Kent,
Meydan, Hafıza
İnsanların biriktirdikleri gibi kentlerin de biriktirdikleri vardır. Kentler yüz yıllarca, bin yıllarca biriktirirler. Çünkü bugün var olan ve içinde yaşadığımız yerleşkelerin altında binlerce yıllık birikimler, yaşamlar, kentler yatmaktadır. Şehirlerin yaşam anlamında da insanlardan çok fark yoktur; kurulurlar, büyürler, yaşlanırlar ve yenilenebilirler. İnsanlardan farkı çok uzun yıllar hayatta kalırlar. Şehirlerin biriktirme şekli; yapılar, yollar, inanç merkezleri gibi belirlediği nirengi noktaları şeklinde olmaktadır.

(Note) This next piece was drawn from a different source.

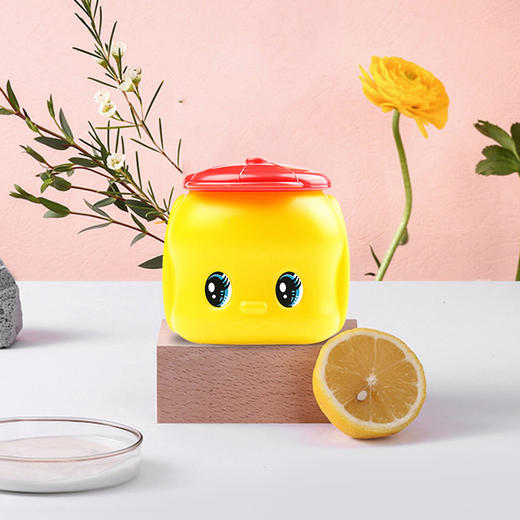 【年货价】Fueki 福而可 小黄鸭宝宝面霜 50g 商品图2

Önemli olan bu birikimleri, gelişmeyi, yaşlanmayı, yapıları, şehrin hafızasını insanlarla birlikte koruyarak bir düzen içerisinde tutmaktır.
Heykel önü, Uşak için bir nirengi noktası, Uşak insanı için buluşma alanıdır. Kentte yaşasın ya da yaşamasın, kente yeni gelmiş olsun, kent sakini olsun herkesin rahatlıkla ulaşabileceği kent merkezini tarifler. Belki yüz yıl öncesine kadar tanımlı olmayan bu alan, kamusal bir yapının tanımlamasıyla Uşak kentinin hafızasında yer edinmiş şehrin merkezi kabul edilerek meydanlaşmıştır.

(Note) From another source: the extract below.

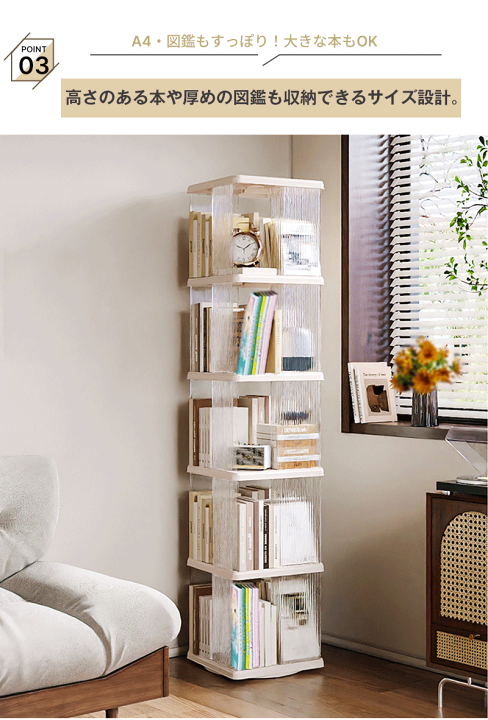 楽天市場】【期間限定！1000円OFFクーポン】【図鑑対応】回転式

Şu aralar yıkım haberleri ile adından sıkça söz ettiren Uşak Hükümet Konağı, kent merkezini Atatürk heykeli ile tanımlayarak kent meydanı oluşmasına katkı sağlamış, 60 yıldır kent hafızasında yer edinen Uşak'ın kalbini betimlemeye devam etmektedir.
Uşak Hükümet Konağı’na mimari açıdan bakıldığında 1960 ve 70'li yıllarda tüm dünyayı etkisi altına alan modern mimarlık örneklerinin başarılı bir ürünü görülmektedir. 60 metreyi geçkin cephesi ile yatay mimariye sahip yapıya dinamizm vermek adına dikey güneş kırıcılar, devletin gücünü simgeleyen ve net şekilde algılanması sağlanan yapının konstrüksiyonunun parçası olan fil ayakları diye tabir edilen dairesel kolonlar, çatısında merhameti simgeleyen kuş evleri ve yapının dışından net şekilde okunan giriş saçağı ile insan ölçeğini gözeterek devleti simgeler nitelikte ciddiyetle tasarlanıp inşa edildiği ve döneminin mimari özelliklerini en iyi şekilde yansıttığı görülmektedir.

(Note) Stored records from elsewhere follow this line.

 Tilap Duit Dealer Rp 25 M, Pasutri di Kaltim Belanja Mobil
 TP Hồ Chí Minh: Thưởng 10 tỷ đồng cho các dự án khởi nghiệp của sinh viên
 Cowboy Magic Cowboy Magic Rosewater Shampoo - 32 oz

Modern mimarlık anlayışının en başarılı örneklerinden birisi olan Dünya ve Türkiye’de nadir bulunur şekilde yapıldığı dönemin mimari üslubunu en iyi şekilde yansıtan böyle bir yapının tanımladığı meydan ve Atatürk anıtı, şehir için çok güçlü bir bağ oluşturmuş ve kent belleğinde yerini almıştır. Bu bileşenlerden birini ortadan kaldırmanın kentte yaratacağı mekansal ve ruhsal kaybı tamir etmek neredeyse imkansız olacaktır.
Sahibi olduğumuz ve belkide değerini çok anlayamadığımız bu mekansal oluşum, bugün 30 yaşının üzerinde olan kent insanı için milli bayramların kutlandığı, geçit törenlerinin yapıldığı, kurtuluş günlerinde bayrak seremonisinin izlendiği hatta en az bir kere bayrakları selamlayarak geçit törenine katıldığı, ilk konserini dinlediği, arkadaşını eşini dostunu beklediği gerçek bir değerdir. Bu tür mekanlara dokunuşlar aynı zamanda kent hafızasına da dokunuş olduğundan yerel yöneticiler tarafından katılımcı bir politikayla ele alınmalıdır.